Mais là où le bât blesse, c’est lorsqu’il s’agit d’être concret. « Pour le moment les églises pataugent, observe-t-il. Les mouvements consacrés à l’engagement écologique dans le milieu chrétien restent en marge des institutions, car nous peinons encore à comprendre en quoi l’écologie doit être une priorité.» Pourquoi ?

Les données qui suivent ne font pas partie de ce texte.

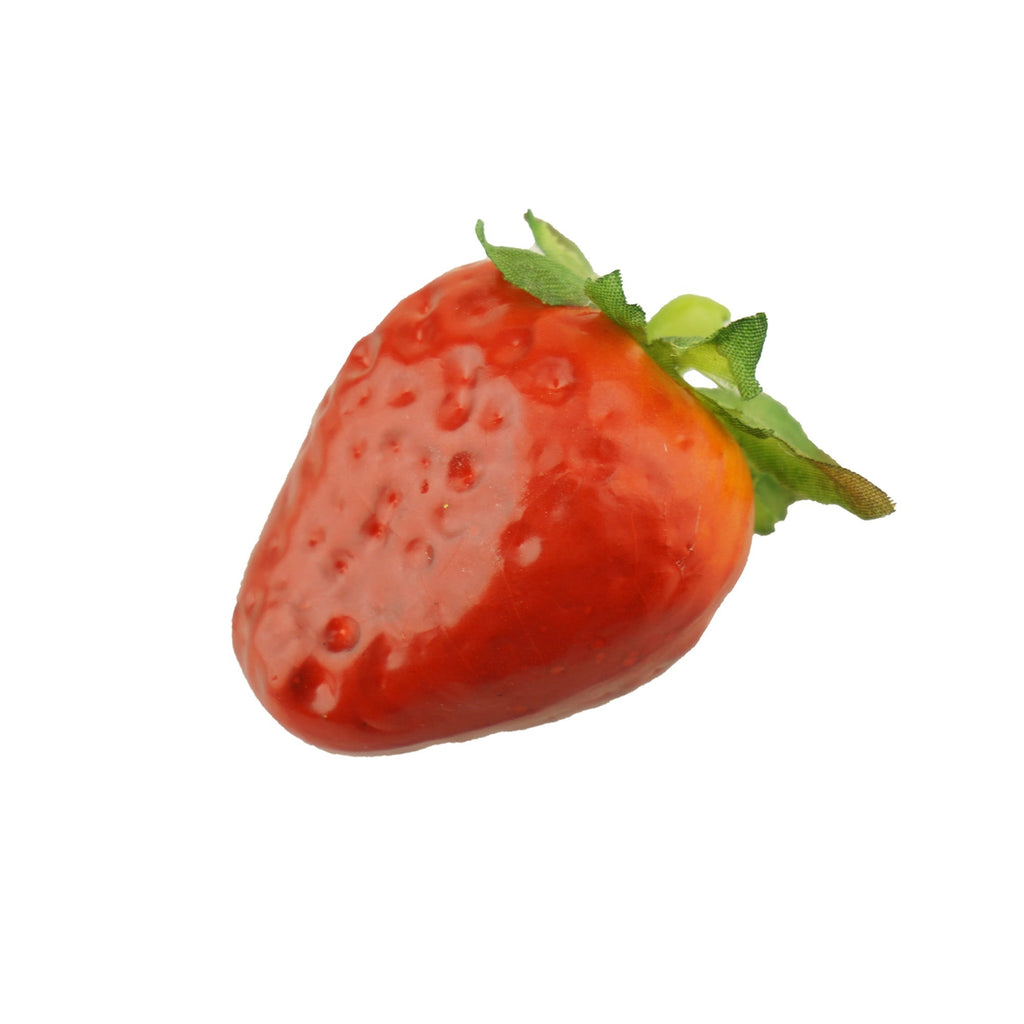 Realistic Faux Strawberry Decoration, 2-Inch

Anthropocentrisme et individualisme
En 1967, l’historien nord-américain Lynn White allait jusqu’à dire que l’anthropocentrisme que le christianisme avait provoqué depuis le Moyen-Age était responsable de la crise écologique, en raison du rôle qu’il avait joué dans la domination de la nature et des animaux par l’Homme. Sa thèse n’a jamais cessé d’être source de controverses. Néanmoins elle permet de s’interroger sur le lien entre foi chrétienne et sauvegarde de l’environnement. « Le christianisme n’a pas échappé à l’évolution de l’individualisme, poursuit Benoit Ischer. Cela nous a amené à développer une foi et une spiritualité déconnectées de la nature qui nous entoure. » La mission divine de « dominer » sur la Création a davantage été comprise dans le sens d’asservir et d’exploiter, plutôt de la servir et d’en prendre soin, analyse pour sa part Michel Maxime Egger, sociologue et éco-théologien. « Dans cette lecture cartésienne, la nature n’est plus que le décor de l’histoire du salut. »

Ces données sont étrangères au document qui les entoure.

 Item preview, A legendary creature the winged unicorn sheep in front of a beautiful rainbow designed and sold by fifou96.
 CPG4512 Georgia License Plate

Une foi centrée sur l’au-delà
Et la manière dont nous concevons ce salut détermine aussi notre position face à l’écologie : avec une théologie davantage axée sur le ciel et la vie dans l’au-delà, où le but ultime est le salut de l’âme, déconnectée de la matière, on en oublie le présent et l’importance de prendre soin de la terre. « Malheureusement, cette optique ne nous encourage pas à agir pour la préservation de la planète. Or notre salut ne peut être dissocié de celui de la Création », poursuit le spécialiste.
Un défi pour notre confort?
Pour Benoît Ischer, il nous faut donc réussir à connecter les évidences : foi et écologie vont de pair. Le directeur de théologie d’A Rocha International Dave Bookless renchérit : « Beaucoup doivent encore comprendre à quel point le soin à la Création fait partie des objectifs de Dieu décrits dans la Bible. Nous faisons partie intégrante de cette nature, créés à partir de la poussière de la Terre, et avons le devoir de bien nous en occuper Peut-être que le plus grand blocage dans les pays européens est le défi que cela représente dans nos styles de vie riches et confortables », conclut-il.